Weighted survey samples of low-incidence voters

I was looking over the Polmeth working papers recently and noticed an article by Michael Alvarez and Jonathan Nagler. Here’s the abstract:

In this paper we [Alvarez and Nagler] describe a method for weighting surveys of a sub-sample of voters. We focus on the case of Latino voters. And we analyze data for three surveys: two opinion polls leading up to the 2004 presidential election, and the national exit poll from the 2004 election. We take advantage of much data when it is available, the large amount of data describing the demographics of Hispanic citizens. And we combine this with a model of turnout of those citizens to improve our estimate of the demographics characteristics of Hispanic voters. We show that alternate weighting schemes can substantively alter inferences about population parameters.

Here’s the paper. Their idea is to weight survey respondents who are Hispanic (or other subpopulations) based on their demographic breakdown in the population, and on their propensity to vote. It’s an interesting paper on an important problem, and I just have a few comments (as usual, focused on my own work, since that is what I’m most familiar with–but I hope these comments will be helpful to others too).

1. Alvarez and Nagler comment that “The development of sample weights is typically not given much discussion in the reporting of survey results.” This is unfortunately true–it can take some effort sometimes to figure out where survey weights come from. Our 1995 paper in Public Opinion Quarterly has details on the sampling and weighting procedures used by nine survey organizations for pre-election polls in 1988 and 1992, so this could be a place to start.

(Footnote 6 of the Alvarez and Nagler paper discusses the National Election Study; our paper discusses commercial polls such as Gallup, CBS, ABC, etc.)

2. In Section 3 they discuss unequal probabilities of sampling. These are important but perhaps even more important is unequal probabilities of response. When aligning sample to population, survey weights combine both these factors.

4. Ratio weighing (such as discussed in this paper) is closely connected to poststratification. In this paper published last year in Political Analysis, David Park, Joe Bafumi, and I discuss the use of poststratification, combined with multilevel regression modeling, to estimate opinion in subsets of the population, using Census numbers to reweight survey estimates. Section 3.2 of that paper describes adjustments for turnout. (See also this paper, to appear in the volume, Public Opinion in State Politics, for more examples of this method.)

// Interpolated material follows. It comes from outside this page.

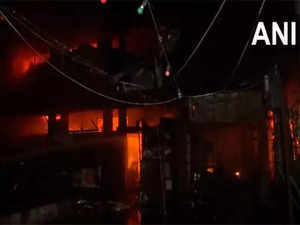 Fire breaks out at multi-story building in Delhi's Mayur Vihar Phase-II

The modeling-and-poststratification approach automatically gives standard errors, which is a concern of Alvarez and Nagler. If you want classical standard errors from weighted survey estimates, this paper from the Journal of Official Statistics in 2003 might be helpful.

5. I hope that in the final version of the paper, the results will be presented graphically:

Table 1: Lots of significant figures here but it’s not so easy to compare these coefficients amid all the digits. A graph would be helpful.

Table 2: Graphs with x-axes representing the ordered age categories and the ordered education categories. Maybe also show age x education (some surveys weight by this interaction; see our 1995 paper).

Tables 3 and 4 should be presented as a single graph so the reader doesn’t have to keep flipping back and forth between the 2 tables.

Anyway, this is interesting stuff, and it’s good to see this kind of work that takes survey methodology seriously.